Quinta, 14 de maio de 2026, 08:47
APROVADO

Câmara de Teresina aprova proposta que disciplina conduta de consumidores em estabelecimentos

Texto aprovado pela Câmara prevê que estabelecimentos possam impedir ou interromper atendimento em casos de desrespeito às regras internas.

A Câmara Municipal de Teresina aprovou o Projeto de Lei nº 14/2025, de autoria do vereador James Guerra, que regulamenta a recusa justificada de atendimento em bares, restaurantes e estabelecimentos comerciais da capital. A proposta estabelece critérios para que comerciantes possam impedir o atendimento ou solicitar a retirada de clientes envolvidos em situações de tumulto, agressão ou comportamento considerado incompatível com a convivência no ambiente.

  

O texto aprovado determina que os estabelecimentos poderão agir em casos de perturbação da ordem, desordem, agressões verbais, ameaças, intimidações ou qualquer forma de desrespeito direcionada a funcionários ou outros clientes. A matéria também prevê a possibilidade de recusa quando houver violação de normas legais ou regulamentares relacionadas ao funcionamento do local.

Dispõe sobre a recusa justificada de atendimento em estabelecimentos comerciais finalizada.pdf

Segundo o projeto, a medida deverá ser aplicada de forma respeitosa, proporcional e observando os princípios da dignidade da pessoa humana e da razoabilidade. O texto estabelece ainda que, sempre que possível, o cliente deverá ser advertido antes da retirada, exceto em situações consideradas de risco imediato.

Durante entrevista à imprensa, James Guerra afirmou que a proposta surgiu após relatos frequentes de conflitos dentro de estabelecimentos comerciais de Teresina, especialmente envolvendo clientes embriagados ou com comportamento agressivo.

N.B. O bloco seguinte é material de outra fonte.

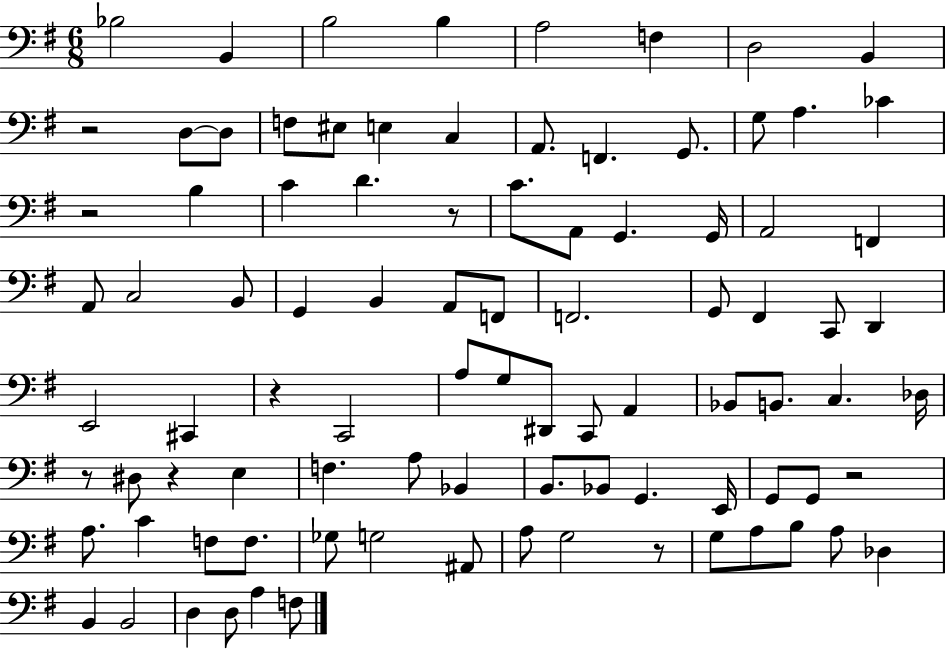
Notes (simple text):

Bb3/h B2/q B3/h B3/q A3/h F3/q D3/h B2/q R/h D3/e D3/e F3/e EIS3/e E3/q C3/q A2/e. F2/q. G2/e. G3/e A3/q. CES4/q R/h B3/q C4/q D4/q. R/e C4/e. A2/e G2/q. G2/s A2/h F2/q A2/e C3/h B2/e G2/q B2/q A2/e F2/e F2/h. G2/e F#2/q C2/e D2/q E2/h C#2/q R/q C2/h A3/e G3/e D#2/e C2/e A2/q Bb2/e B2/e. C3/q. Db3/s R/e D#3/e R/q E3/q F3/q. A3/e Bb2/q B2/e. Bb2/e G2/q. E2/s G2/e G2/e R/h A3/e. C4/q F3/e F3/e. Gb3/e G3/h A#2/e A3/e G3/h R/e G3/e A3/e B3/e A3/e Db3/q B2/q B2/h D3/q D3/e A3/q F3/e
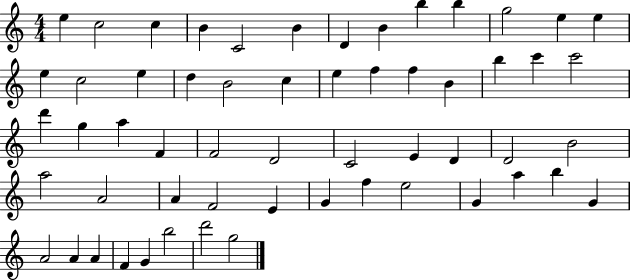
X:1
T:Untitled
M:4/4
L:1/4
K:C
e c2 c B C2 B D B b b g2 e e e c2 e d B2 c e f f B b c' c'2 d' g a F F2 D2 C2 E D D2 B2 a2 A2 A F2 E G f e2 G a b G A2 A A F G b2 d'2 g2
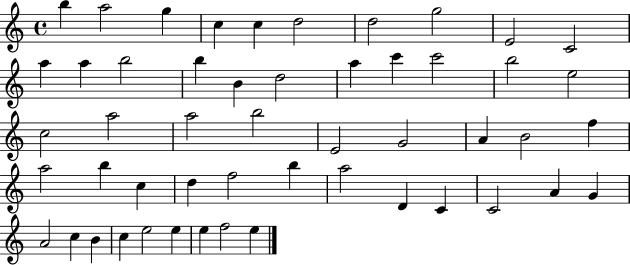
B5/q A5/h G5/q C5/q C5/q D5/h D5/h G5/h E4/h C4/h A5/q A5/q B5/h B5/q B4/q D5/h A5/q C6/q C6/h B5/h E5/h C5/h A5/h A5/h B5/h E4/h G4/h A4/q B4/h F5/q A5/h B5/q C5/q D5/q F5/h B5/q A5/h D4/q C4/q C4/h A4/q G4/q A4/h C5/q B4/q C5/q E5/h E5/q E5/q F5/h E5/q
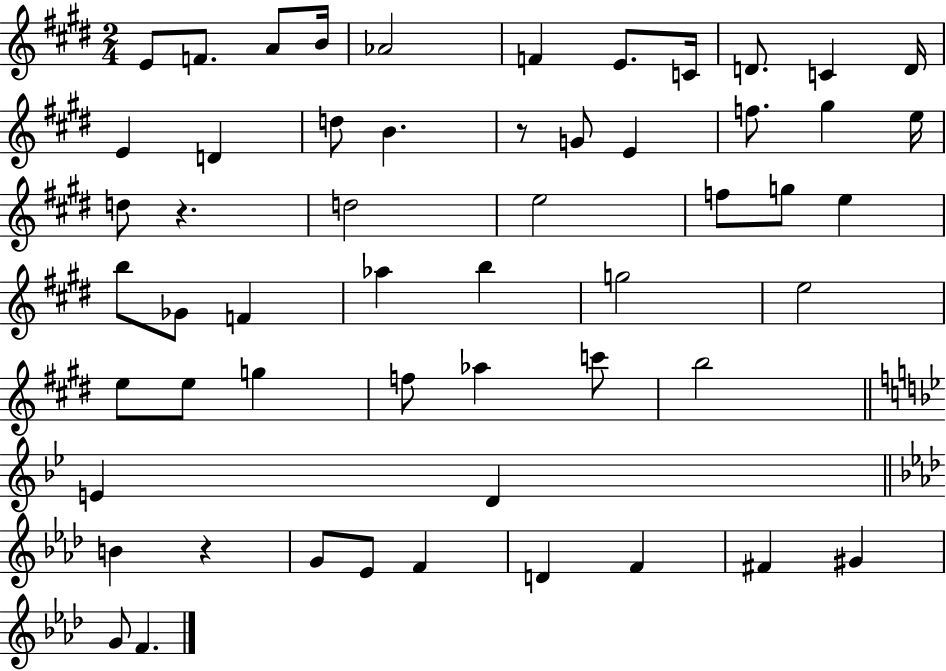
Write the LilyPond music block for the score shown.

{
  \clef treble
  \numericTimeSignature
  \time 2/4
  \key e \major
  e'8 f'8. a'8 b'16 | aes'2 | f'4 e'8. c'16 | d'8. c'4 d'16 | \break e'4 d'4 | d''8 b'4. | r8 g'8 e'4 | f''8. gis''4 e''16 | \break d''8 r4. | d''2 | e''2 | f''8 g''8 e''4 | \break b''8 ges'8 f'4 | aes''4 b''4 | g''2 | e''2 | \break e''8 e''8 g''4 | f''8 aes''4 c'''8 | b''2 | \bar "||" \break \key g \minor e'4 d'4 | \bar "||" \break \key aes \major b'4 r4 | g'8 ees'8 f'4 | d'4 f'4 | fis'4 gis'4 | \break g'8 f'4. | \bar "|."
}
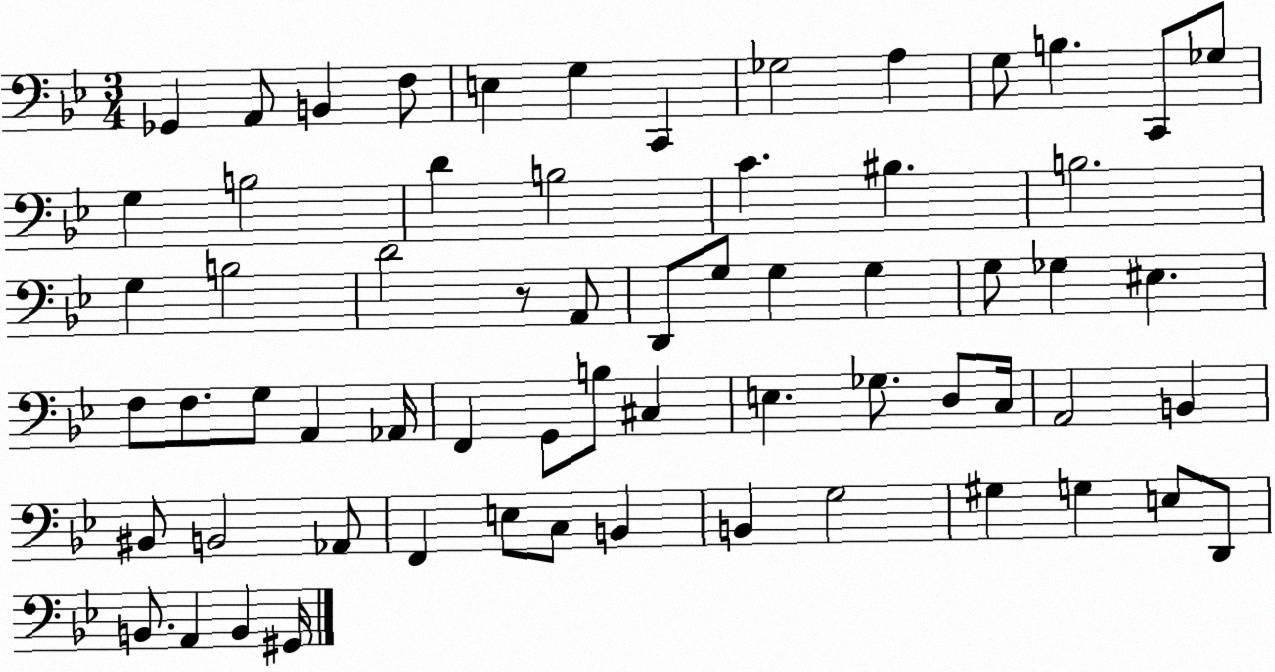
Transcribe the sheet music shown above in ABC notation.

X:1
T:Untitled
M:3/4
L:1/4
K:Bb
_G,, A,,/2 B,, F,/2 E, G, C,, _G,2 A, G,/2 B, C,,/2 _G,/2 G, B,2 D B,2 C ^B, B,2 G, B,2 D2 z/2 A,,/2 D,,/2 G,/2 G, G, G,/2 _G, ^E, F,/2 F,/2 G,/2 A,, _A,,/4 F,, G,,/2 B,/2 ^C, E, _G,/2 D,/2 C,/4 A,,2 B,, ^B,,/2 B,,2 _A,,/2 F,, E,/2 C,/2 B,, B,, G,2 ^G, G, E,/2 D,,/2 B,,/2 A,, B,, ^G,,/4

“Existem casos de clientes embriagados que agridem verbalmente garçons, promovem discussões ou tumultuam o ambiente. O projeto garante que o estabelecimento possa agir de forma justificada sem sofrer punições previstas no Código de Defesa do Consumidor”, declarou o vereador.

O parlamentar também citou situações que, segundo ele, poderiam justificar a recusa de atendimento, como comportamentos ofensivos, ameaças contra trabalhadores e atitudes que prejudiquem o funcionamento do ambiente comercial.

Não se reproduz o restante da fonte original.